Of importance: the trial of local black college students on March 21, 1960, after they’d staged a sit-in in protest of the city’s segregated library system and been cited for disorderly conduct. Less than important: an announcement on March 10, 1948. That’s when a drive-in theater on Lamar began offering laundry service while patrons enjoyed the movie from their cars. Among the entries that defy categorization, however, consider the news on June 12, 1912. That’s the day an elephant at the Memphis Zoo ate the clothes of a 12-year-old girl.

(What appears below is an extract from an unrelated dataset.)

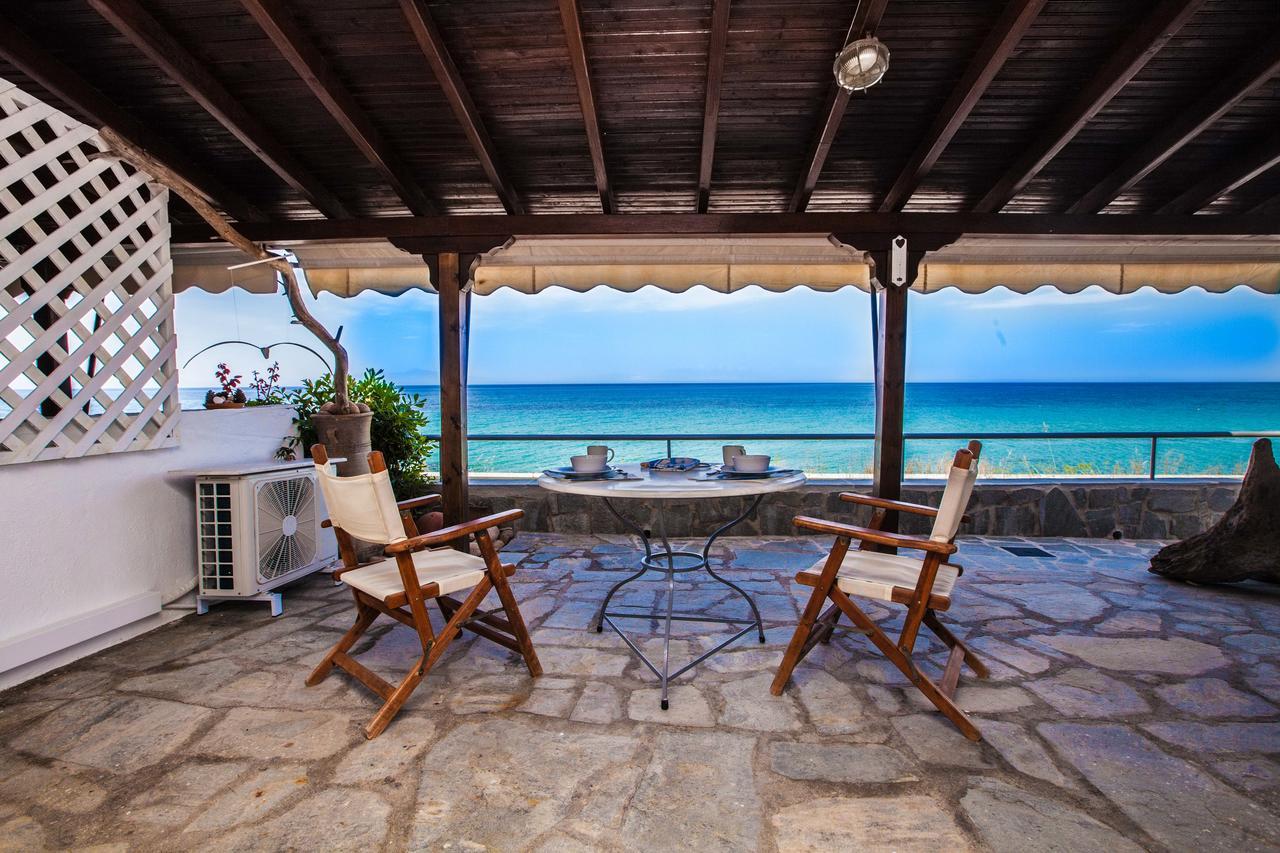 Houseloft Grand Sunset Siviri Beach ภายนอก รูปภาพ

But among the entries to prove that in Memphis the more things change, the more they stay the same, consider the findings of a Shelby County grand jury. After serving for four months and handing down 547 indictments, the jury observed that “until this service [jury members] had no great knowledge of the roguery that exists in this county, and so has been appalled by the number of cases of murder, carrying concealed weapons, violation of liquor laws, theft, etc., that have been presented to it. Is the human mind becoming more and more perverted? Or is this sad condition the result of lax enforcement of the law?”
Those are questions the grand jury didn’t try to answer. The important point is that the questions were asked not in 2014 but on May 16, 1919.
According to Dowdy in the introduction to his book: “Above all things, Memphis is a creative town, and that is reflected in the 365 days that make up this volume. … The challenge in writing On This Day in Memphis History was to avoid the most familiar incidents in the Bluff City’s history while still paying attention to the people, places, and events that Memphians hold most dear.”
For what one historian of Memphis did not hold dear, however, see Dowdy’s entry for September 6, 1962. That’s the day Gerald Capers — native Memphian, Yale-trained historian, and author of The Biography of a River Town: Memphis: Its Heroic Age (first published in 1939) — told the Memphis Press-Scimitar newspaper: “No large Southern city, in my opinion, so presents in bold relief the intellectual and esthetic poverty of the South as Memphis … in its 140 years of existence, has Memphis ever produced a poet, a novelist, a musician, an artist, a scientist, or even a judge of national character?”
Capers does grant W.C. Handy some positive, widespread influence. But in 1962, he went on to cite the city’s “typical” (read: less than impressive?) contributions to the national scene: Boss Crump, Clarence Saunders, Richard Halliburton, Machine Gun Kelly, and “now” Elvis Presley.
You’ve a right to wonder what Saunders and Halliburton and, by that late date, Elvis are doing on such a list. One thing, though, is obvious, and Dowdy makes the point:
“Capers apparently did not know, or never bothered to find out, the many contributions to science, the arts, and industry that are included within the pages of this book,” Dowdy writes in reaction to Capers and he is right to bristle at Capers’ uncalled for, when not unfounded, remarks.
Give thanks, though, that Capers did not refer to an incident that occurred in 1928. That’s when two elephants at the Memphis Zoo (again with the elephants!) broke free and roamed the campus of Rhodes College — Rhodes, which back in the day was known as Southwestern at Memphis and where an undergraduate named Gerald Capers once walked too.